Composing Concurrency-Friendly Scenes
Understand Scene Throughput and How to Identify Bottlenecks
In Geolib3-MT, system throughput is defined as the number of scene graph locations that are processed per second. In processing a given scene graph the moment-to-moment objective is to either maintain or increase the Geolib3-MT processing throughput.
Location Bottlenecks
In a typical scene, some scene graph locations take longer to compute than others, this is normal and expected behavior of scene graph processing. However, these expensive-to-compute locations can become system-wide bottlenecks when subsequent locations depend on their results.
To provide a concrete example, in the following screenshot OpScript_lsysString produces a costly L-system description at the scene graph location /root/world/geo/lsys. The node OpScript_lsystem then processes this description to build a graphical representation of the tree.

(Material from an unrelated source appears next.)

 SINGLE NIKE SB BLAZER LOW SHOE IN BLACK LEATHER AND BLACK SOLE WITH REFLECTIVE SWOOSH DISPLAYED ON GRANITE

Because the work of OpScript_lsystem is entirely dependent upon OpScript_lsysString, processing of the whole scene graph is stalled until /root/world/geo/lsys is computed by OpScript_lsysString. The resulting throughput when processing this tree is approximate to:
On initial inspection it could be reasonable to assume the processing between 0-60s is bounded by a mutex or serial code. But, as previously discussed, this is actually a very costly location upon which the rest of the scene depends on. What options exist to address scene bottlenecks like this?

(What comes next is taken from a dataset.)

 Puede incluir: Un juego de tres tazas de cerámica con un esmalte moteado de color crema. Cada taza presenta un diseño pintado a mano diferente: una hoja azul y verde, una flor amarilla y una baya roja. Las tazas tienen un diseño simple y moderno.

First, we can use the Op tree profiling tools shipped with Katana 3.5 to identify costly Ops in the scene. Using this information we can seek to optimize the performance of those costly Ops. Optimizing these Ops largely depends upon the nature of the work they’re doing; but as with any optimization task, first identify an optimization target, measure, refactor and re-measure.
It may be possible to entirely remove the bottleneck by just optimizing one or two key Ops in the Op tree. This was the case in the above example in which careful use of Lua object creation significantly reduced the time to compute the L-system description. However, sometimes we must accept the operation simply is costly; in this case, what options exist to help maintain scene processing throughput?

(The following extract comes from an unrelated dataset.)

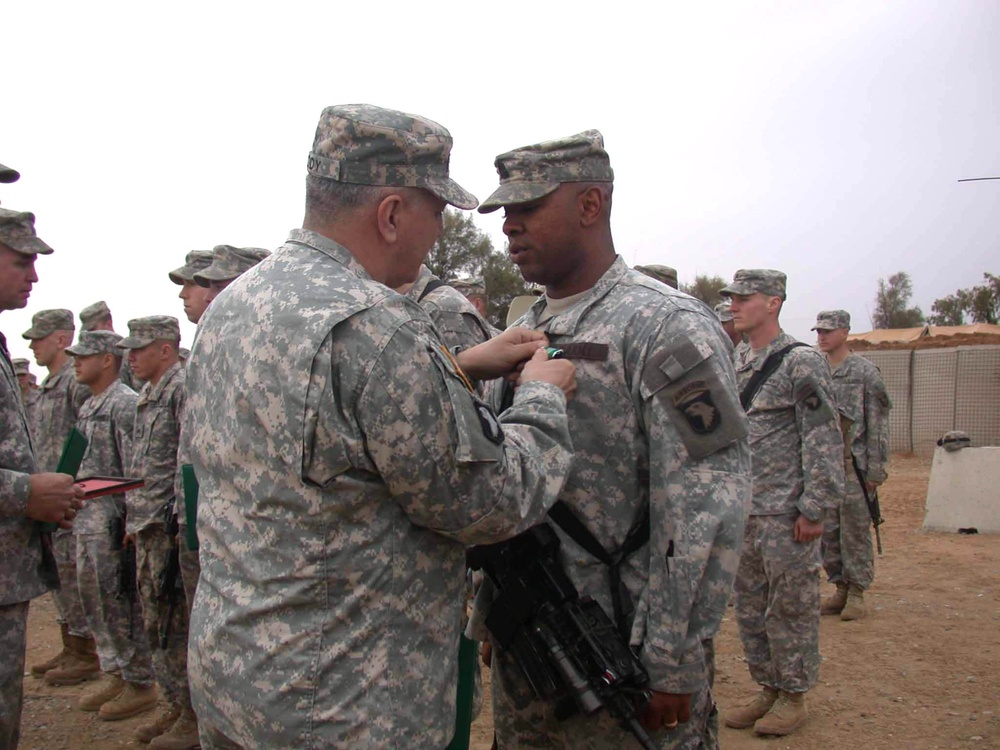 Gen. Cody pins an Army Commendation Medal on 1st Sgt. Johnson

The next step is to examine the processing problem itself, can it be broken down into smaller, logical chunks that could be linked or indexed by scene graph locations. Effectively using the scene graph topology to represent a parallel processing task graph where each child represents a subsection of the work that can be processed in parallel.
For example, say we need to compute the first 1000 prime numbers. We could create an Op that at the location /root/world/geo/data/primes calculates each prime in turn and stores them as an IntAttribute. Alternatively, we could create an Op that creates 1000 children under /root/world/geo/data/primes, each child’s position serving as the index to the prime series. At those children, the Op would then compute the prime at that point in the series. In this example, Geolib3-MT is able to take advantage of the parallelism available within the scene graph to schedule each child to run in parallel.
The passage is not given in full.